Jamie and the Casting Director:
The Age of Innocence for a Very Guilty Show


By Ben Alexander
(aka Infidel In The Temple)
April 26, 2005

Sometime about halfway through the first season of "Big Brother," in the summer of 2000, on the weekly live broadcast, hostess Julie Chen informed houseguest Jamie Kern (left) of what was to be her prize for her recent victory in some competition. She was going to have a two-minute visit with a very important guest who had come all the way to the "Big Brother" studio to see her. The catch was, she would have to choose between two guests. One was big-time Hollywood casting director Anthony Sepulveda; the other was Mom.

Well, Jamie explained, she'd be seeing Mom soon anyway, but she might never have another chance to meet with big-time Hollywood casting director Anthony Sepulveda. So, with regrets to Mom, she went with the casting director.

A door opened, and Jamie went backstage to meet Mr. Sepulveda. He smiled. She smiled. He asked her about her acting experience and her interests. She told him all about it. She said she planned to move to L.A. when the "Big Brother" season was done. And, just as the two minutes were about to expire, he told her that, when she moved to L.A., she should "sign up for an acting course, and really commit to it."

The message boards were just buzzing that night about what an evil bitch Jamie was for "choosing career over family." Some fans suggested that, when the time came for Jamie to get evicted, her mother should tell her she couldn't go meet her because now she had a casting director to see. The following week's live broadcast showed some interviews in Jamie's home town. "She's going to have to live with that on her conscience for the rest of her life," said one young woman. Jamie had her defenders too, of course. Thus, her decision was controversial. It was the controversy of the week, in fact.

What an age of innocence "Big Brother" must have been in that summer, that this could stir such emotions!

See, that was the summer that "Big Brother" was the laughingstock of the network for being so boring. Paul Romer (right) must have known as the days went on that his days of producing "Big Brother," at least in the U.S., were numbered. "Like watching paint dry" was how some people characterized it. The most controversy-prone hamsters had already been voted off the show by the midpoint, and what they had left was a bunch of nice people who liked each other. Sure, Eddie had a foul mouth, and sure, Jamie was a bit vain, but they still functioned like real people living in a house together, getting along. They couldn't have put a worse curse on the producers than that.

So, the producers scrambled and struggled to manufacture every controversy they could. They did what they could to stir up tensions, with one cheap trick after another. The houseguests knew what the producers were doing, too: The live feed updates of that season showed houseguests having a good laugh on it. A couple of them one night were saying dramatically saying "I hate you" and "I hate you too" for the kitchen cameras, and Curtis remarked at one point that the following day's challenge was probably going to be "Beat a houseguest to death, billy clubs are in the storage bin." Later in the season, in fact, they even resorted to trying to get somebody to take a buy-out in order to bring in a new, spicier hamsterette to shake things up. It didn't work. (Click here for more on that act of desperation.)
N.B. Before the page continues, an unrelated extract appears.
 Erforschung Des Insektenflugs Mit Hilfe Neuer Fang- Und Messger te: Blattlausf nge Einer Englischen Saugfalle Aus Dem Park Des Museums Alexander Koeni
And the thing with Jamie and the casting director: just another cheap trick to stir up a controversy. Consider this. Jamie had made clear that she aspired to a Hollywood career. They were able to count on her to choose the casting director, so they set it up confidently. If she'd chosen Mom, the producers would have been thwarted (which they were on some other occasions, with their efforts). Of course, realistically, Jamie might just as well have chosen Mom for all the good that Sepulveda was going to do for her career, but it would have been unrealistic to expect Jamie to see it that way at the time. What she did, truth be told, was what just about any ambitious actor or other sort of performer would have done. Big breaks are hard to get. From their point of view, you don't just throw opportunities away, and Mom should understand. Again, this was not a real opportunity for anything, but there was no way Jamie was going to see it so clearly at the time.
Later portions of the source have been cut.